Ultimately, I had to completely and utterly believe that we could do the swims - that we were capable of doing something no one had ever done, which the local experts initially thought mad. The first time I saw the Saltstraumen, I felt sheer terror rise within as a monstrous whirlpool appeared in front of our boat. I had to fight this fear and never doubt for a second that we could swim across. Visualisation is a huge part of this and every day for nearly a year I would fantasise about swimming across the maelstroms.

I would think about the freezing cold Arctic water and the waves crashing around us. I would picture orcas breaching alongside us, as we swam over the deep water. I'd visualise, over and over again, the image of Robbie, Jack and me emerging onto the rocks, validating this inner belief that forces you onwards, through worries of hypothermia, blooms of jellyfish and the ever-present threat of a six-tonne adult bull orca coming up to say "hello". I think that believing in this self-fulfilling prophecy, totally, is the key to overcoming these fears.

 

You must have absolute trust in your team and the people around you

No one truly achieves anything of merit alone and we know this going into all of our swims. For Norway, I knew I'd have my brothers on either side of me. Swimming in formation, side-by-side, distracts you from deep water and apex predator fear. In order to focus on swimming, to relax into our strokes and not worry about the currents, we had to completely trust in our support team on the boat, as well as each other.

We all had one of our childhood friends as part of the team: Dave, Luke and James, who know each of us like brothers. We also had Jack's girlfriend, Beth. We could happily place our lives in all of their hands. This proved crucial, as during the Saltstraumen swim we were caught by one of the vortexes and dragged backwards. Luke immediately noticed this and shouted from the boat for us to change direction and swim diagonally against the current. Eventually, we pulled through. Given that we made that swim with about 75-seconds to spare that quick decision and absolute concentration likely saved us from real trouble.

 
 
 
 

You have to love what you’re doing

I love swimming and I especially love swimming with my brothers. We do what we do because we love it and this is what gives us the mental strength to go one step further. I had to ask myself: "do I want to do these swims more than I’m afraid?"

The answer was "yes".

I had the chance to live as much as I could possibly imagine. Maybe everything in mine and my brothers lives had been leading up to those moments - sat in the back of a boat about to swim across the Arctic Circle. We had to embrace that fear, feel it within and live for the unknown. Halfway across the Moskenstraumen, with the icy touch of the cold water on my face, I remember seeing long fronds of Kelp seaweed below me reaching upwards like sentinels of an eerie deep sea forest. Then a herring shoal darted below, while the seabed teemed with a veritable smorgasbord of life.

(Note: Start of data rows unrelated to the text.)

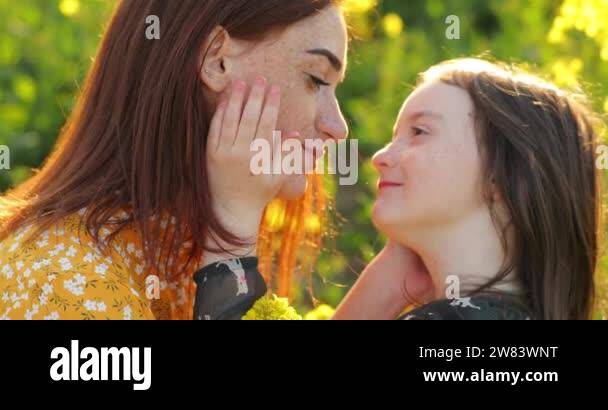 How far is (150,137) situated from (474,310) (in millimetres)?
761

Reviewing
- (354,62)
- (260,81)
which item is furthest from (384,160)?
(354,62)

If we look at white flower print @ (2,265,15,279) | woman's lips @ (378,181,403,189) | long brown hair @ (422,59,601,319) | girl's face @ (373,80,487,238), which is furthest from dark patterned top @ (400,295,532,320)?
white flower print @ (2,265,15,279)

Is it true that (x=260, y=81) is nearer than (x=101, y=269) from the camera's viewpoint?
No

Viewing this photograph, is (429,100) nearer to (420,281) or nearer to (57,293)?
(420,281)

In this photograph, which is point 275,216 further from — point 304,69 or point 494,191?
point 494,191

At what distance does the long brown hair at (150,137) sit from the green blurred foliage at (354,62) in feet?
5.73

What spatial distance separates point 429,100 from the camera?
7.66ft

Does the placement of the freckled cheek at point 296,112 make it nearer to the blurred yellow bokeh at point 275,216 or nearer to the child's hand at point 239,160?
the child's hand at point 239,160

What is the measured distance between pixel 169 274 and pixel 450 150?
68cm

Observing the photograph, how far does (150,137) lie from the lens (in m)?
2.21

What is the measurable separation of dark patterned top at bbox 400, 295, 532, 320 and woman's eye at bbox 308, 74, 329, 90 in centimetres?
56

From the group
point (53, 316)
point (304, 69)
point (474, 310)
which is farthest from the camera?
point (304, 69)

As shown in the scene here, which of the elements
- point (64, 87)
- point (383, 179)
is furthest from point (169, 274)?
point (64, 87)

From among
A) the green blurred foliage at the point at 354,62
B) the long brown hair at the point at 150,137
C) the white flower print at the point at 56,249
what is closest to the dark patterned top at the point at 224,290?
the long brown hair at the point at 150,137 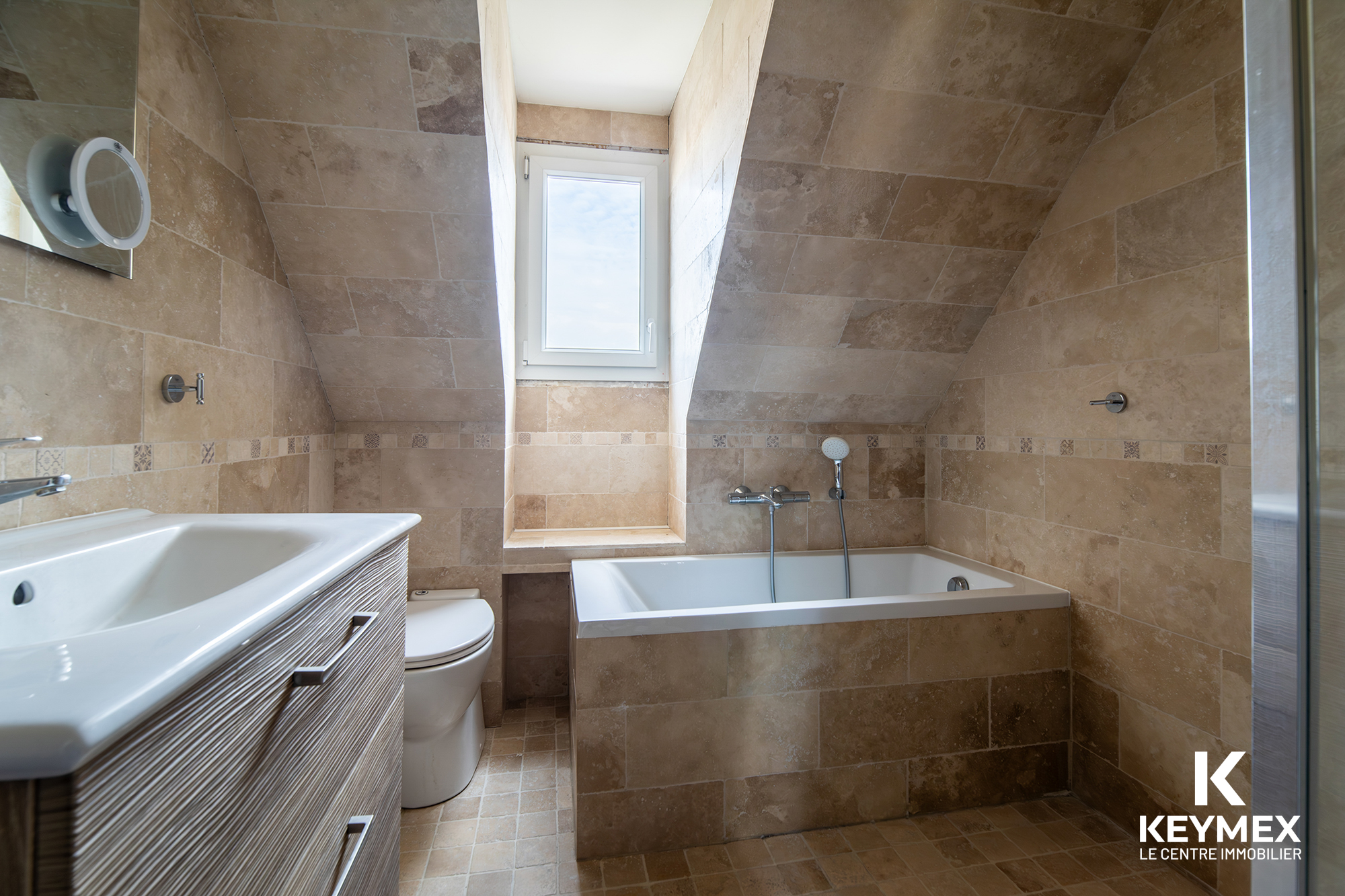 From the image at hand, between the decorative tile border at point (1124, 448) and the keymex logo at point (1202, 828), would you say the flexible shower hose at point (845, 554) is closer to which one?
the decorative tile border at point (1124, 448)

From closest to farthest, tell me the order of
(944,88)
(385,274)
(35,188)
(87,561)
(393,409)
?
(87,561) → (35,188) → (944,88) → (385,274) → (393,409)

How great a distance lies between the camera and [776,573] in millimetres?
2500

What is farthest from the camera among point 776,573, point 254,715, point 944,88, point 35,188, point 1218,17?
point 776,573

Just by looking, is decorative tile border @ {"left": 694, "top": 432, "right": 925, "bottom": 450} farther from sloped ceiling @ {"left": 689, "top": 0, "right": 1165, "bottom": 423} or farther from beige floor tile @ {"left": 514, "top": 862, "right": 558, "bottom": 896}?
beige floor tile @ {"left": 514, "top": 862, "right": 558, "bottom": 896}

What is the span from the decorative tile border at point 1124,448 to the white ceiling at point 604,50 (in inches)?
74.6

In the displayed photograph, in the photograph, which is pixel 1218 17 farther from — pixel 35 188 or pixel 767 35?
pixel 35 188

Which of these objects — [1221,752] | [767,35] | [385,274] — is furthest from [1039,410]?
[385,274]

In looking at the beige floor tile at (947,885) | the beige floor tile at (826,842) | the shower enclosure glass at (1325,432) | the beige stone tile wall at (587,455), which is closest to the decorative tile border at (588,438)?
the beige stone tile wall at (587,455)

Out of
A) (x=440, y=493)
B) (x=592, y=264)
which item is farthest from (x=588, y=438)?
(x=592, y=264)

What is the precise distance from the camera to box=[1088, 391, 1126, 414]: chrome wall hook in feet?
5.73

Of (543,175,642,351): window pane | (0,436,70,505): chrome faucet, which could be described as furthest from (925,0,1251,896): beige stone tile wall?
(0,436,70,505): chrome faucet

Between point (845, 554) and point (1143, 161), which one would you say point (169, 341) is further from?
point (1143, 161)

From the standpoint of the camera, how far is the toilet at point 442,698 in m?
1.65

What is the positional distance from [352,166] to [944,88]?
171cm
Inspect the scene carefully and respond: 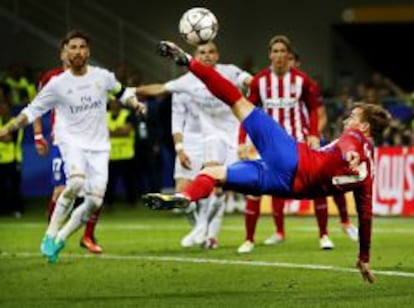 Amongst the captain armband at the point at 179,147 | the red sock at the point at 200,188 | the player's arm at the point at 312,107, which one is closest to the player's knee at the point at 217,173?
the red sock at the point at 200,188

As we swam onwards, I breathed to my left and saw Jack dwarfed by the rugged mountains of the Norwegian coast, as a pair of sea eagles circled above him. Breathing to my right, I saw Robbie carving through the water with lions mane jellyfish blooming below him, their bright red lights bobbing in the blackness and their long tentacles waving in the currents. My senses honed in on my environment, the saltiness of the water on my lips, the sound of the waves crashing against me and the sensation of the freezing water between my fingers.

No one else on the planet had ever experienced what we were going through. As I thought about this, a smile stretched across my face and, through my goggles, I could see the same smiles on my brothers' faces.

I love swimming and I especially love swimming with my brothers. We do what we do because we love it, we enjoy it and this is what gives us the mental strength to go one step further.

So those are my top 5 recommendations for mentally preparing for the challenge. Ultimately it's because we can do these things - that if we prepare, if we train, if we work with the most skilled locals in the region, if we trust ourselves, if we build a close team of friends and we all trust each other, then why shouldn't we?

The fact that you can do it is, I believe, reason enough alone.